Developer solution to be used with iPad Pro? - honksillet
I&#x27;m finding the iPad pros pretty intriguing.  Are there any solutions for coders?  Usually I use VSCode.
======
snazz
Since there isn’t anything quite like Termux for iOS (please correct me if you
find something), I would recommend simply using the iPad to connect to a
remote machine, through SSH or otherwise. That way you get the full power of
the Unix shell alongside the convenience of iOS apps.

You could even configure your remote machine so that files you edited with SSH
were also available over WebDAV or (secure)FTP, since many apps support
read/write from those servers.

I’m not sure you’re going to get the experience of Visual Studio Code from the
command line, but if you’re really hooked on it as an editor you could use VNC
and take the speed/responsiveness penalty.

------
sebastian_hacks
Juno (a Jupyter client), Prompt, Textastic, CodeBucket, Working Copy,
Pythonista, Coda and Cloud Console.

But I’d love a VSCode app for iOS to write code and submit to git from one
single app.

------
awaywopassd
Blink Shell and VPS is the only real way to do any programming on iPad.

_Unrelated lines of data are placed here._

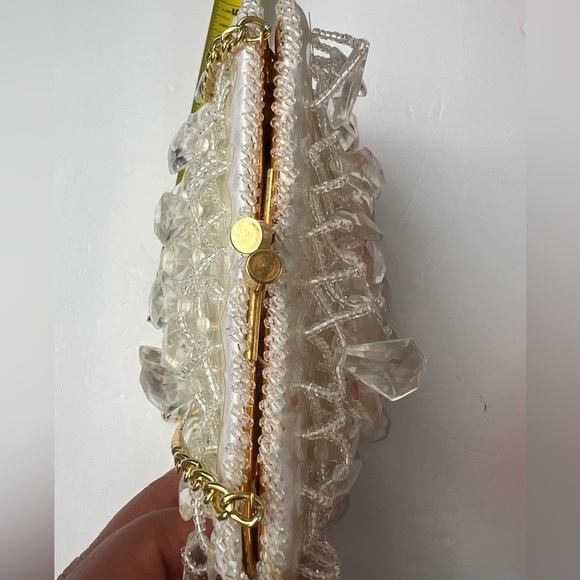Vintage Cream and Gold Evening Clutch with Textured Elegance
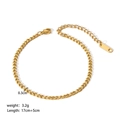 Detail view of 0.3cm gold twist chain bracelet showing 17cm length and extension - Cuban Chain Style (YYB023015)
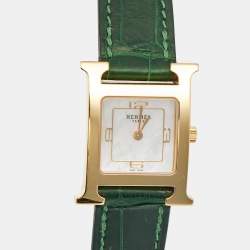 Pre Owned Hermes Heure H HH1.202C Mother Of Pearl DIal Gold Plated Stainless Steel Alligator Leather Women's Wristwatch 21 mm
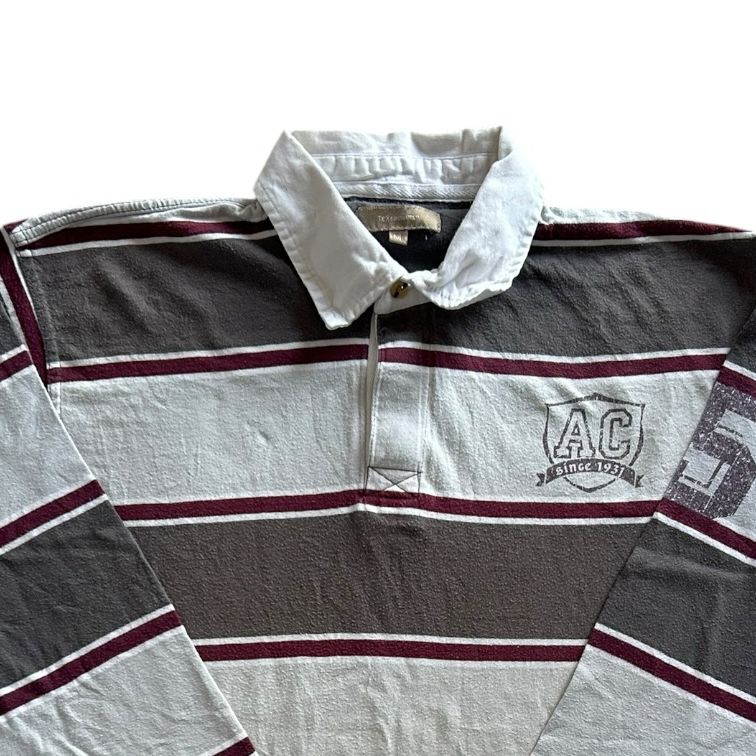 Medium Tex White and Brown Rugby Shirt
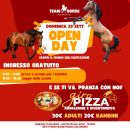 Locandina dell'open day con attività equestri e pizza al Maneggio Team Horse di Teramo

However, I love the form factor of 10.5" so much that this has become my
preferred of way of doing any "fun" programming. For work and serious
projects, I still fire up MBP.

------
pepsi
I really like Blink Shell, Charles Proxy, and Pythonista. One nice thing about
Pythonista is that you can trigger scripts from Shortcuts (neé Workflow) which
has come in handy for hacky workarounds.